The plan I'm looking at has hundreds of nodes. It takes a long time to scroll around the pages to get to the top. Fix the tab bar at the top of the page to simplify navigation. "The one with Physical Plan, Visualization, etc."
On the Physical Plan page: The top of the page displays histogram of minor fragment execution. However, it is hard to infer what it displays.
- Label the x-axis. The units seem to be seconds, but a legend of: "Runtime (sec.)" would help. (
- Label the y-axis. Seems to be colored by major fragment, lines by minor fragment. But, took some sleuthing to figure this out.
- Tooltip on each color band to identify the major fragment. (Probably too fiddly to label minor fragment lines.) (
- Choose a wider palette of colors. On my chart, the top two groups are shades of organge, the third is blue. Seems we could rotate among the standard set of colors for better contrast. ( Need to identify a good small palette )
In the tables:
For each operator, list the number of rows processed. (Available in the details already.)( DRILL-5195)
- In the table that sumarizes major fragments, have as a tool-tip the names of the minor fragments to give the numbers some meaning. That is, hovering over 00-xx-xx should say "Project, Merging Receiver".
- In the table that shows minor fragments for major fragments, either add a list of minor fragment names to the title, or as a pop-up. That is, in the heading that says, "Major Fragment: 02-xx-xx", add "(PARQUET_ROW_GROUP_SCAN, PROJECT, ...)
For each minor fragment, label the host on which it runs( DRILL-5803)
- For larger queries, shows groups by host, expanded to show fragments. (It is hard to read, say, 400 minor fragments in one big table. Showing 20 nodes (with summaries) is easier, each expanding to show 20 minor fragments.
In the Operator Profiles overview, add a tool-tip with details about each operator such as:
- Number of vector allocations
- Number of vector extensions (increasing the size of vectors)
- Average vector utilization (ratio of selected to unselected rows)
- Average batch size: number of rows, bytes per row, bytes per batch
- Number of files scanned
- Number of schemas found
- Number of bytes read (or file length if a table scan)
- Name of the file scanned (or first several if a group)
- Rows in, rows out and selectivity (as a ratio)
In the operator detail table:
Add a line for totals (records, batches)( DRILL-5195)
- Add a line for averages (most fields)
Under the "Full JSON Profile", part of the JSON is formatted, but the plan part is not. Display the plan in a formatted version (with proper indentation). It is not very useful in the current, streamed, non-indented form.

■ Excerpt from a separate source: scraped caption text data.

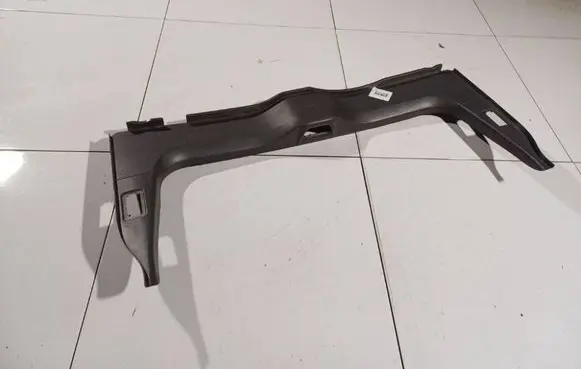 Volvo S60 Other trunk/boot trim element Nl13042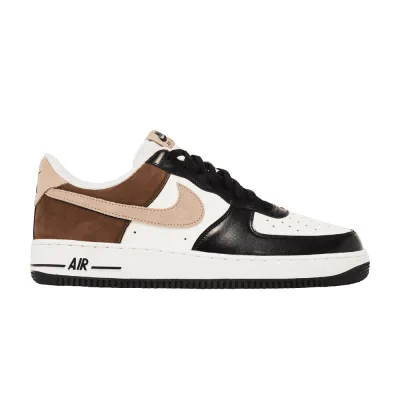 Air Force 1 '07 Mocha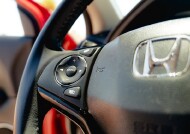 2018 Honda HR-V in Phoenix, AZ 85020 - 18151773 23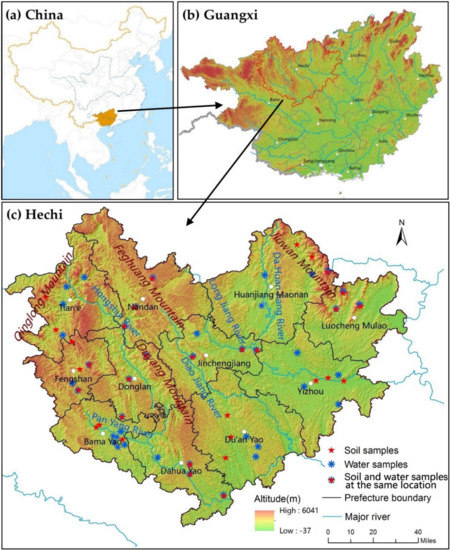 Lehman, Lee & Xu Guangxi, China Office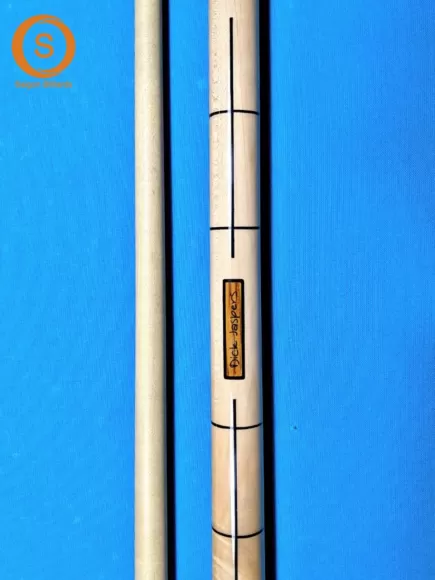 THANH LÝ CƠ BIDA LIBRE MẪU DICK JASPER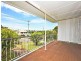 27 Whites Road, Manly West QLD 4179
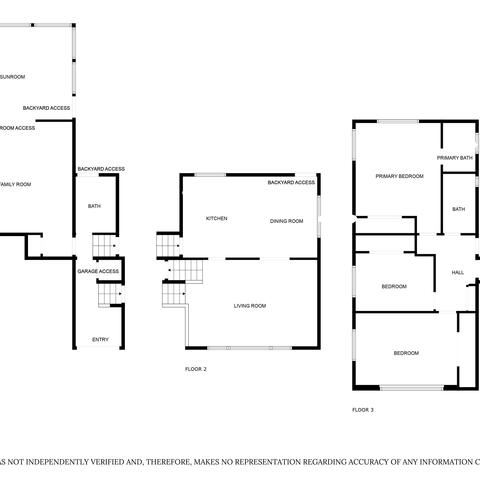 17552 Eddy Drive Listing Image Thumbnail #21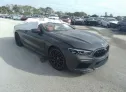 2020 BMW  - Image 1.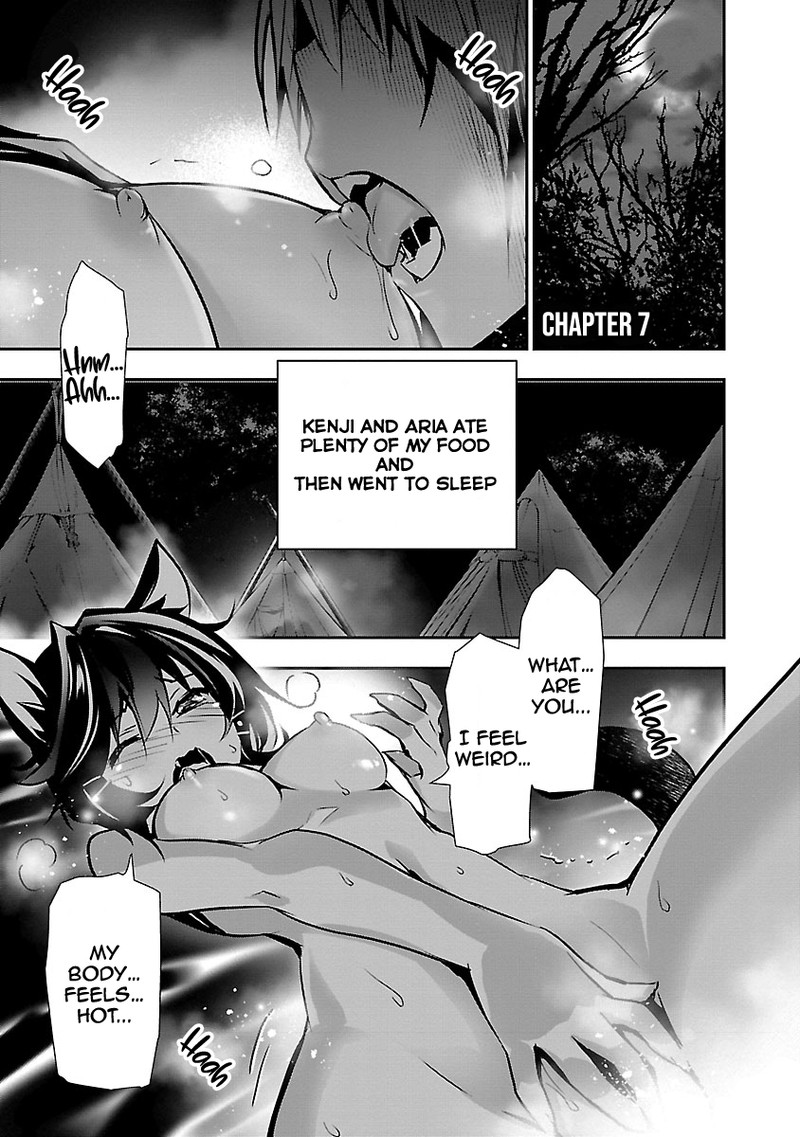 isekai_ntr_shinyuu_no_onna_o_saikyou_skill_de_otosu_houhou_7_3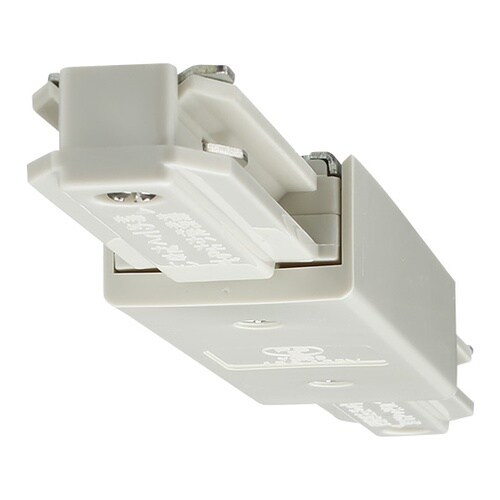 �h�`�W���C���^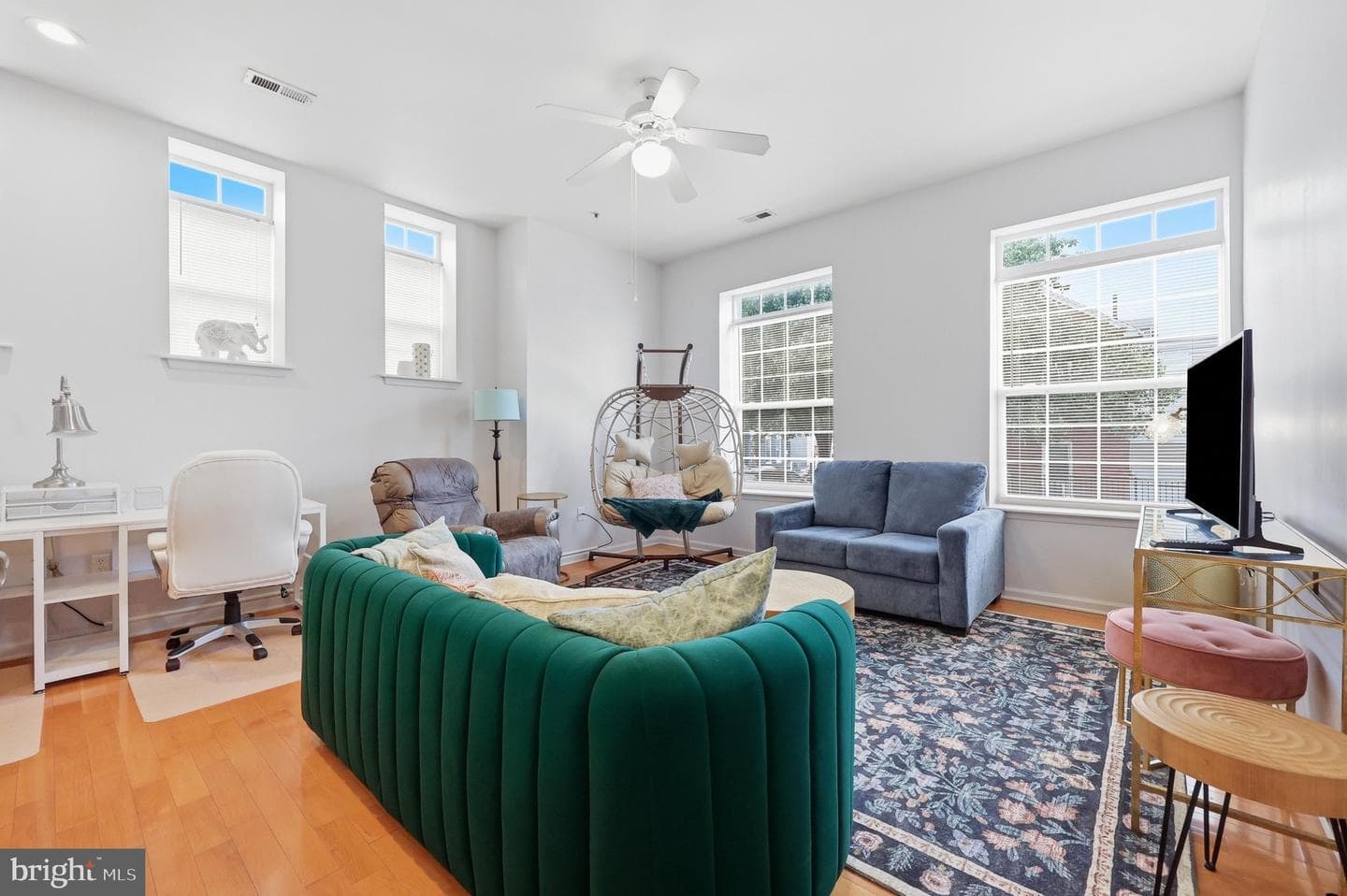 138 E Antietam Street #210 photo 3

Better, move the JSON Profile to a new tab since it causes the Physical Plan page to get too large for large queries.
On the Visualized Plan page,
- The coloring of the fragments does not match the coloring used in the chart on the Physical Plan page. Please use the same to make them easier to correlate.
- Perhaps enclose each fragment in a box (with the border passing through the middle of each eachange operator.
- For each aspect of the plan, provide basic stats such as number of minor fragments, number of records, average time.
- For each node, provide a link to the Physical Plan page to see more detail.
- The visualized plan page shows the same info as the Physical Plan page. Better, keep each page focused and make it easy to navigate between them.
- Naming is inconsistent between this page and the Physical Plan page. "HASH_AGGREGATE" on the Physical Plan page, "HashAgg" on the visualization page.
On the Edit Query page, the actual field to edit the query is two lines long (but my query is over a dozen lines.) Then, the rest of the page repeats the chart, details, etc. Seems that, if I want to edit the query, I should have a field large enough to do so. And, I don't need the other info (I'll go to the corresponding tab it I want to see it.)
Then, regarding the Query page and Edit query, can these be combined? On the Query page, I see the query. If the query is running, I should see a Cancel button. If completed, I should see an Edit button followed by a Rerun button. Or, better, simply provide a Cancel (if running) button and a Edit (always) button. Edit shifts back to the main Query tab with with the text of the query filled in. This behavior more clearly demonsrates that the new query is independent of the original one.